Problem: Scan each line of the records for the word "Stadt" and extract the ones that have it.
=====
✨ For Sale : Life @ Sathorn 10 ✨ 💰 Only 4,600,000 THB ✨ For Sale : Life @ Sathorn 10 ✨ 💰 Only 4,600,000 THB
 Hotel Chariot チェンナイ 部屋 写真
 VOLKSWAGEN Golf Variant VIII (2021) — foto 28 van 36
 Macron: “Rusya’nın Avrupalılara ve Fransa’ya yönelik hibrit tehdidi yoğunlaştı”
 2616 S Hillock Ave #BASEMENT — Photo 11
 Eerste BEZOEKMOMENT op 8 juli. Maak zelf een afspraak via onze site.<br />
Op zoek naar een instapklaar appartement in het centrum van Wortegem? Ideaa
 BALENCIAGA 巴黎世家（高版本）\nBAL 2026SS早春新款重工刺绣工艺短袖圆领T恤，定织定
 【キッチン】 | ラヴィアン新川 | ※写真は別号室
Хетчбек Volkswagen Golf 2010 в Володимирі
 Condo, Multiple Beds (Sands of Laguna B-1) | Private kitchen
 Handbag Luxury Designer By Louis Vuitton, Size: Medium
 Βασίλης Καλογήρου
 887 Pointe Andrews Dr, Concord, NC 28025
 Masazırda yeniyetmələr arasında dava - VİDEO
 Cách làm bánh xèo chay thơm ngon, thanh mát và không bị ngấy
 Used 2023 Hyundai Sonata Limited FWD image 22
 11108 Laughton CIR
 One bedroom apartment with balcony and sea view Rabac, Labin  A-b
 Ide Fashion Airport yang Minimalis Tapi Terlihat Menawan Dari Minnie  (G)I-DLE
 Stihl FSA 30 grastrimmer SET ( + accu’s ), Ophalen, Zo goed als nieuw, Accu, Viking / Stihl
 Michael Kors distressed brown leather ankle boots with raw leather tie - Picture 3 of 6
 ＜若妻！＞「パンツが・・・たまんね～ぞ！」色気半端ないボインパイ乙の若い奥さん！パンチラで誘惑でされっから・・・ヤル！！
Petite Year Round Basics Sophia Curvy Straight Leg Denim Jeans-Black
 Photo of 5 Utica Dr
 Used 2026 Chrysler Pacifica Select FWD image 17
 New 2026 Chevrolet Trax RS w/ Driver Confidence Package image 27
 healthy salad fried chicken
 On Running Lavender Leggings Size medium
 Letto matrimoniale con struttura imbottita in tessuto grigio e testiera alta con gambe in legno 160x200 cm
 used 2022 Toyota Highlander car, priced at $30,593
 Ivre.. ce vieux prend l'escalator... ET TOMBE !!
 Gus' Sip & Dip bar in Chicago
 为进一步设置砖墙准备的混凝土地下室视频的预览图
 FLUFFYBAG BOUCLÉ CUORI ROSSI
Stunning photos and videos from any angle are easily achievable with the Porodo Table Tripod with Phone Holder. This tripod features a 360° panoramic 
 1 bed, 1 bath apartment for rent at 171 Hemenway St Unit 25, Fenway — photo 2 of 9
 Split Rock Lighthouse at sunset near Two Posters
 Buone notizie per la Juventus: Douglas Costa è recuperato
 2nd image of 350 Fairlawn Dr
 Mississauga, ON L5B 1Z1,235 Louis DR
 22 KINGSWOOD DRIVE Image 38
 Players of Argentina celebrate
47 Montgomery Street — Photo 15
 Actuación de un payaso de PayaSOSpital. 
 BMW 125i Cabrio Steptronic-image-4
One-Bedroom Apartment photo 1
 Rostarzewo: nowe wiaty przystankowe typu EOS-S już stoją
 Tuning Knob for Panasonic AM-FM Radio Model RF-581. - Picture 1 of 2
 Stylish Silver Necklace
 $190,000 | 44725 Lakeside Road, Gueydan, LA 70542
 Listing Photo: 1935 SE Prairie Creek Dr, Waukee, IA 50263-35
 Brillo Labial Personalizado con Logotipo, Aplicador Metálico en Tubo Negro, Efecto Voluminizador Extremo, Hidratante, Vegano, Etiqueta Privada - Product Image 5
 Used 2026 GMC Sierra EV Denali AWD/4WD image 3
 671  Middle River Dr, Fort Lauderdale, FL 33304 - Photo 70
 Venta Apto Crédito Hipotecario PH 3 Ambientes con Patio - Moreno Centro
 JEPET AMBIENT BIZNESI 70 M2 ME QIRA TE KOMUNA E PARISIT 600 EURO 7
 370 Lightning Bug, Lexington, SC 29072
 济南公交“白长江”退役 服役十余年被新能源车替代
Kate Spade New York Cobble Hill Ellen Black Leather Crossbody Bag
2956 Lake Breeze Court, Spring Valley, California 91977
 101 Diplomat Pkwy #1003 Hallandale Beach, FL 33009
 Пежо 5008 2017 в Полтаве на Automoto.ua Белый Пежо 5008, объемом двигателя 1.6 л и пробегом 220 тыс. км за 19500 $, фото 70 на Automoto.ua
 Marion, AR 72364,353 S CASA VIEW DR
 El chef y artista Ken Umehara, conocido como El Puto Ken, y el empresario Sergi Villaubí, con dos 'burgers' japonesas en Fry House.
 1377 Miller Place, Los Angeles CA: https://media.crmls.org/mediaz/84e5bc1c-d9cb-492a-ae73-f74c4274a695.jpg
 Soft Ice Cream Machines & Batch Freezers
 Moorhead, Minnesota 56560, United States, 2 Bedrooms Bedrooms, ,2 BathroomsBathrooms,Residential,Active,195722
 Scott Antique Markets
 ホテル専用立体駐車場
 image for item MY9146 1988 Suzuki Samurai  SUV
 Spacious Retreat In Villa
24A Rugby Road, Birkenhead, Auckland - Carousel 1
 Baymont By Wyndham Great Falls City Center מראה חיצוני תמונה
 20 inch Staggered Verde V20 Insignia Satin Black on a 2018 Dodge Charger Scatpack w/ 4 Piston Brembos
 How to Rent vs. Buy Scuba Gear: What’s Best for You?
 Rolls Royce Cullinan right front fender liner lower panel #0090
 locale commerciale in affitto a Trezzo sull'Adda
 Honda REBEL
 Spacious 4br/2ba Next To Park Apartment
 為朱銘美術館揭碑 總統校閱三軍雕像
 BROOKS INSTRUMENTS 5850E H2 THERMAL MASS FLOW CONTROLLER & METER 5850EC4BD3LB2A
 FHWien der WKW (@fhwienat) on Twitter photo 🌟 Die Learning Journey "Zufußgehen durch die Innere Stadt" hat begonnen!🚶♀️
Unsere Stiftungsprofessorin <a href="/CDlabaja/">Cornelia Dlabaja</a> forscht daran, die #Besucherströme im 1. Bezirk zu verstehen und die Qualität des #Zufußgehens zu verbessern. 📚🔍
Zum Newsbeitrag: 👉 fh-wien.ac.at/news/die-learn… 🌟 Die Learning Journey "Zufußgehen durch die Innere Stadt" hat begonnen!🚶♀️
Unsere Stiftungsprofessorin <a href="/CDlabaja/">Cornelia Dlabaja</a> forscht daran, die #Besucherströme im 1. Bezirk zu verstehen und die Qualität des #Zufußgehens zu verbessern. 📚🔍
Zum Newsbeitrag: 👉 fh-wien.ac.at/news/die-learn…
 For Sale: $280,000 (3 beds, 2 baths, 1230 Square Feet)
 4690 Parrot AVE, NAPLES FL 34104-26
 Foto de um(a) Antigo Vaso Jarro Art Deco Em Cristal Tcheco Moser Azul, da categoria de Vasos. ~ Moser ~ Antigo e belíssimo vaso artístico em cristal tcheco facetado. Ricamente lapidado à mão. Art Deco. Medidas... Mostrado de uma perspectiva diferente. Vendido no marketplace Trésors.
=====
Output of the task:
 FHWien der WKW (@fhwienat) on Twitter photo 🌟 Die Learning Journey "Zufußgehen durch die Innere Stadt" hat begonnen!🚶♀️
Zum Newsbeitrag: 👉 fh-wien.ac.at/news/die-learn… 🌟 Die Learning Journey "Zufußgehen durch die Innere Stadt" hat begonnen!🚶♀️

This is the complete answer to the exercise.